Description of the drawings

Figure 1 is a flow chart of the method of model construction in the present invention.

Detailed ways

In order to further understand the purpose, structure, characteristics, and functions of the present invention, detailed descriptions are given below with reference to the embodiments.

1. Please refer to Figure 1. The present invention provides a method for establishing a functional prediction model after early recovery from stroke based on deep learning, which includes the following steps:

S1: Establish a data disease database;

Prepare medical record data, collect patient electronic medical records from the hospital electronic medical record platform, and collect electronic medical records of ischemic stroke patients undergoing early rehabilitation.

S2: Extract patient medical characteristic data;

Extract ischemic stroke medical features from the qualified electronic medical record data obtained in S1, and extract medical features and medical feature values; the ischemic stroke features include demographic information, laboratory and clinical examination-related information, and medications. and information related to invasive treatments, information related to rehabilitation interventions;

The past medical history also includes ischemic stroke, hemorrhagic stroke, subarachnoid hemorrhage, unclassified stroke, hypertension, diabetes, dyslipidemia, atrial fibrillation, coronary heart disease, myocardial infarction, congenital heart disease, and valvular heart disease. disease, other types of heart disease, and peripheral arterial disease; the family history includes stroke, coronary heart disease, hypertension, diabetes, dyslipidemia, and intracranial aneurysm.

The electrocardiogram detection includes atrial fibrillation, atrial flutter, left ventricular hypertrophy, Q wave, acute myocardial infarction, myocardial ischemia and others; the structural imaging examination results include hemorrhagic transformation after cerebral infarction, new cerebral infarction, old cerebral infarction and so on. Cerebral infarction and others.

The information related to the drugs and invasive treatments includes: intravenous thrombolysis, intravascular treatment, antiplatelet treatment within 48 hours, anticoagulant treatment within 48 hours, antihypertensive drugs, lipid-lowering drugs, and hypoglycemic drugs;

The intravascular treatment includes stent thrombectomy, direct thrombus aspiration, balloon dilatation, intravascular stent-assisted angioplasty, intra-arterial thrombolysis and mechanical thrombolysis; the antiplatelet treatment within 48 hours includes the use of aspirin, Clopidogrel, ozagrel, dipyridamole, ticlopidine, cilostazol and others; the anticoagulant treatment within 48 hours includes warfarin, rivaroxaban, dabigatran, apidogrel Saban, edoxaban, low molecular weight heparin, unfractionated heparin and others; the antihypertensive drugs include angiotensin-converting enzyme inhibitors, angiotensin receptor blockers, diuretics, beta-blockers, Calcium ion channel blockers and others; the lipid-lowering drugs include statins, niacin and its derivatives, fibrates, cholesterol absorption inhibitors and others; the hypoglycemic drugs also include insulin, sulfonylureas, biguanides classes, glycosidase inhibitors, insulin sensitizers, insulin secretion promoters and others.

The information related to rehabilitation intervention includes: the duration from onset to the first rehabilitation intervention, the duration from onset to the first mobilization, the benefit of early mobilization in the first rehabilitation intervention, the duration of early mobilization in the first rehabilitation intervention, 14 days Total duration of early mobilization, average duration of 14 days of early mobilization, duration of physical therapy, duration of occupational therapy, duration of speech therapy, first 14 days of continuous physical therapy, first 14 days of continuous physical therapy, first 14 days of continuous physical therapy Continuous Speech Therapy.

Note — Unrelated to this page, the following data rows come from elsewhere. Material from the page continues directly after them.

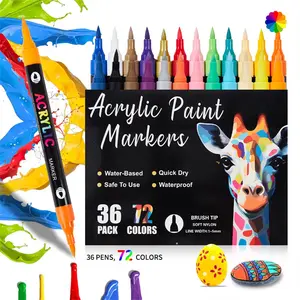 Acrylic Marker Set, Dual Tip Fine Point, Quick Dry, Doodle Pens for Rock Painting, Ceramic, Glass Canvas DIY Crafts, 24/48/72 Colors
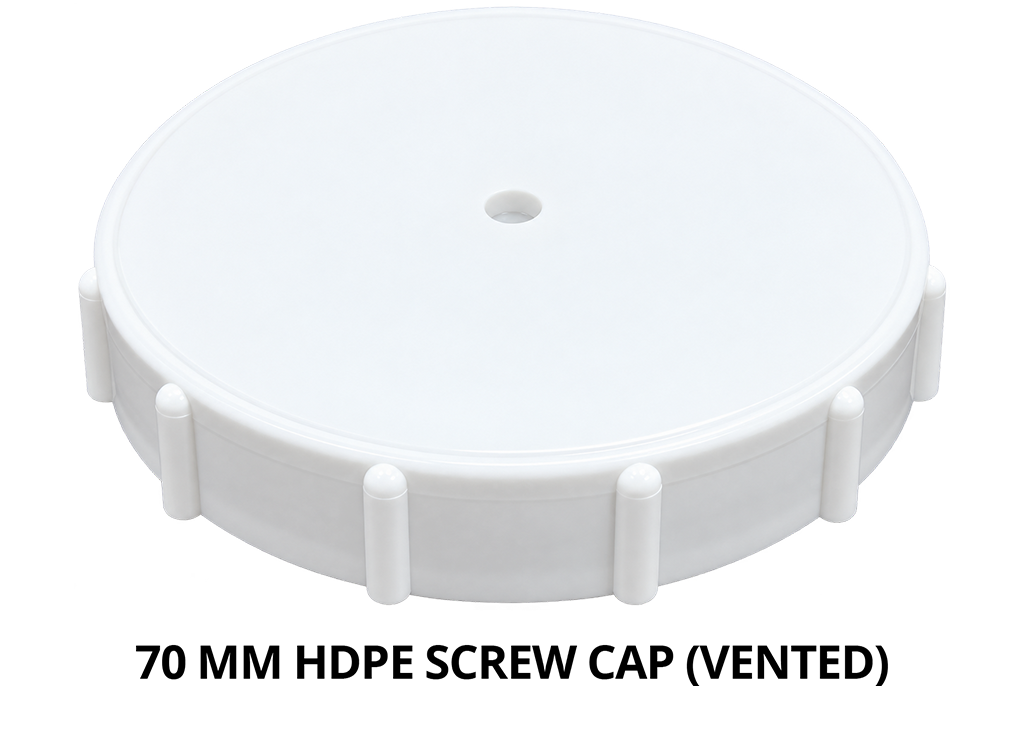 White 70mm HDPE vented screw cap for containers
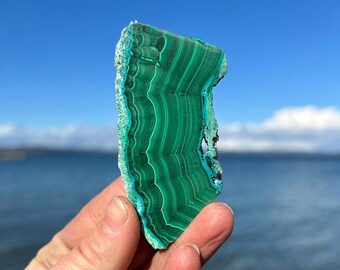 Malachite & Chrysocolla Slice ~ Raw Mineral Specimen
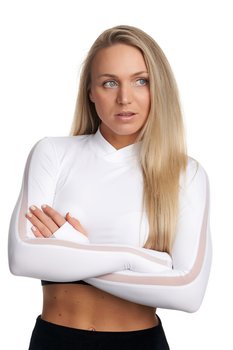 Vit kort topp med mesh detaljer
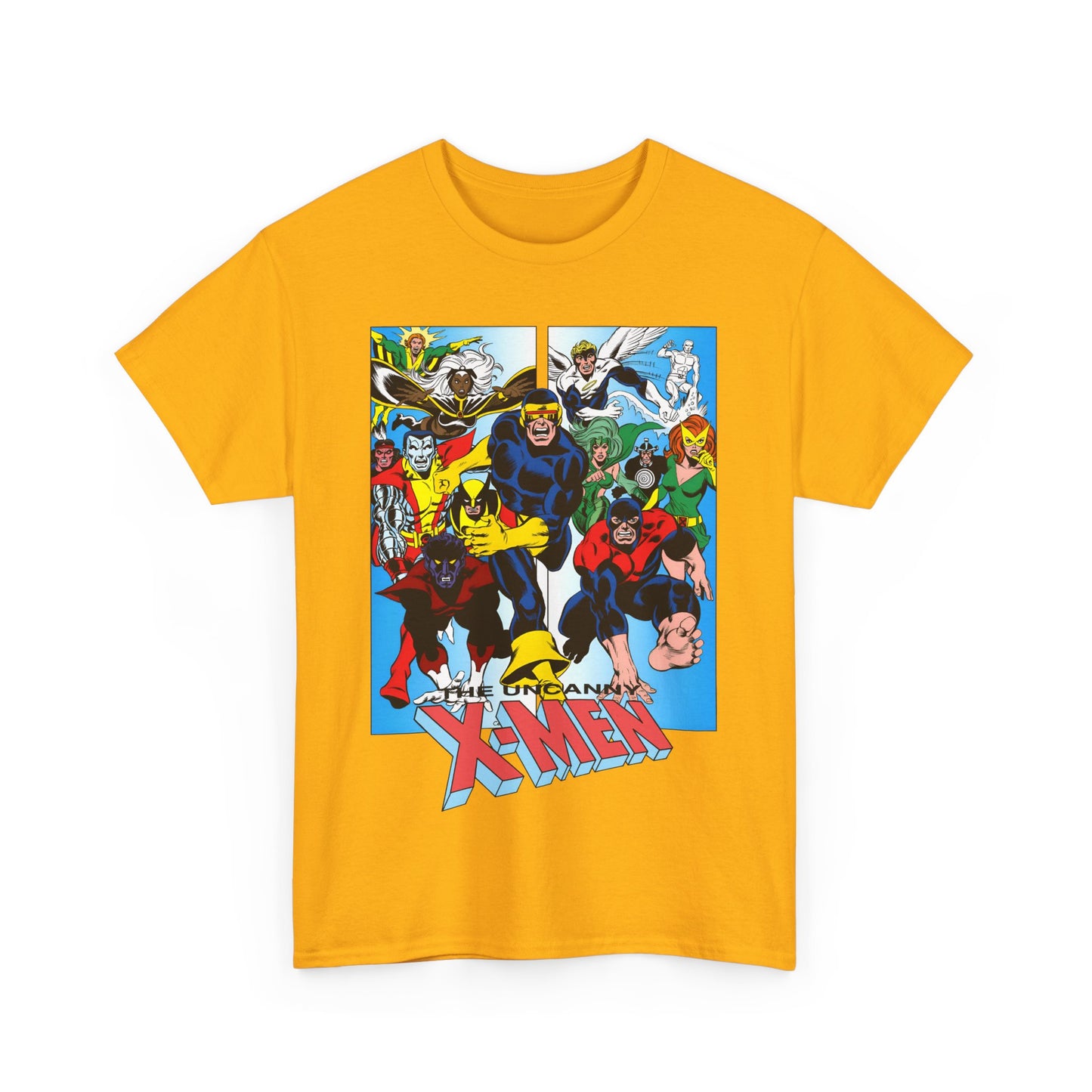 Uncanny X-Men T-Shirt - Classic Dave Cockrum Art - Popular Marvel Comics Series - Wolverine, Storm, Cyclops, Nightcrawler, Jean Grey, Iceman, Banshee, Beast
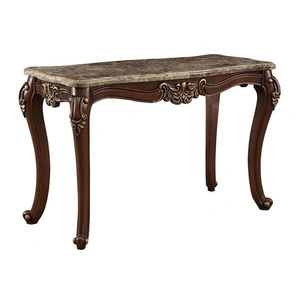 ACME Mehadi Marble/Wood Coffee Table Set, Beige/Brown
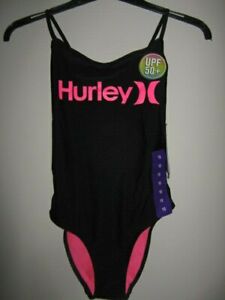 Hurley Girl's 5 Swimsuit 1 Pc  Halter Black Pink Leopard Print Beach Pool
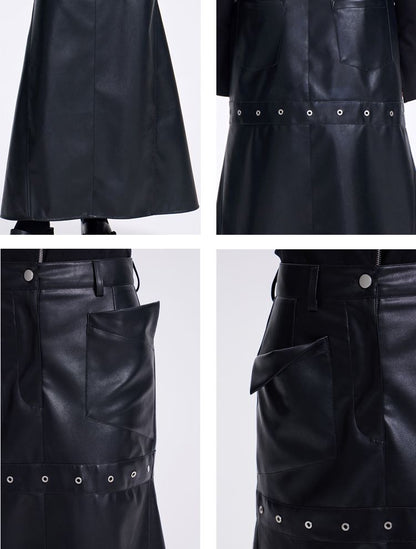 Leather Cool Long Flare Skirt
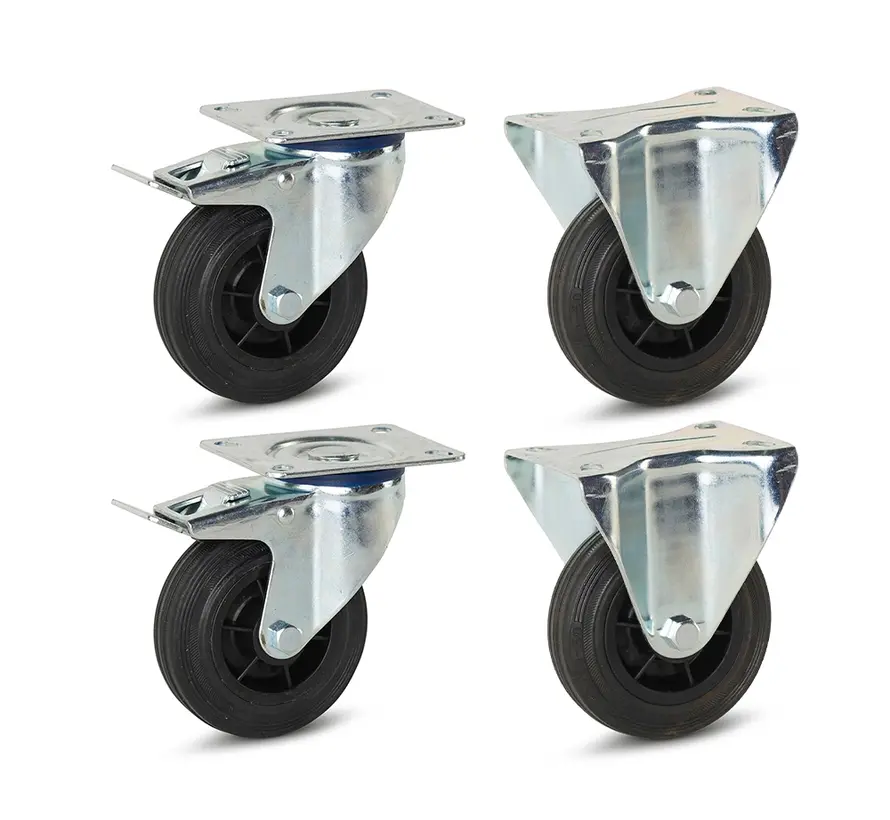 Set of 4 - Rubber fixed castors(2x) and braked swivel castors(2x) - 100mm -75kg - Specifications per wheel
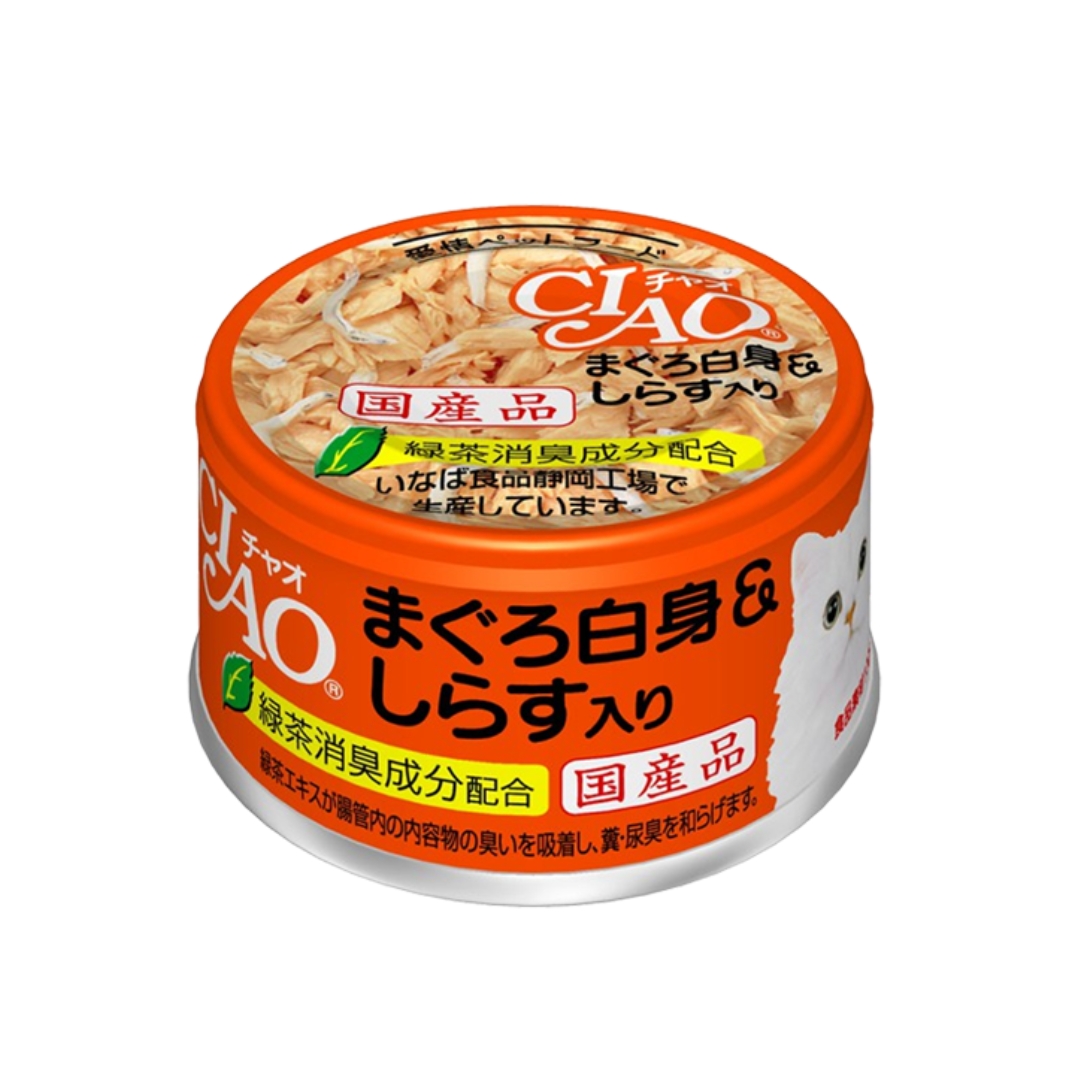 Ciao Can 85g White Meat Tuna With Shirasu In Jelly Wet Cat Food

S3: Target result feature data extraction;

Take the post-stroke time score used to predict the target, and extract the mRS score at different time steps. The extracted time steps mainly include mRS-0 (baseline is the day of admission), mRS-15 (15 days after stroke), mRS-30 ( 30 days after stroke), mRS-90 (90 days after stroke), mRS-180 (180 days after stroke);

The dichotomous outcomes of time after stroke include: favorable outcome, time after stroke score of 0-2, indicating no or minimal disability; unfavorable outcome, time after stroke score of 3-6, indicating moderate or severe disability, or death. Through steps S1 to S3, big data on the clinical manifestations of ischemic stroke can be obtained.

S4: Feature data standardization and data cleaning;

Standardize the feature data on the big data on the clinical manifestations of ischemic stroke obtained in S4, and adopt a missing data strategy to exclude patients with more than 50% missing feature variables. The remaining missing feature data will be filled in under the mode of existing data for the same feature. , the missing values of continuous variables are filled with the mean, and the missing values of the categorical variables are filled with the mode; all data are standardized so that their mean and unit variance are zero.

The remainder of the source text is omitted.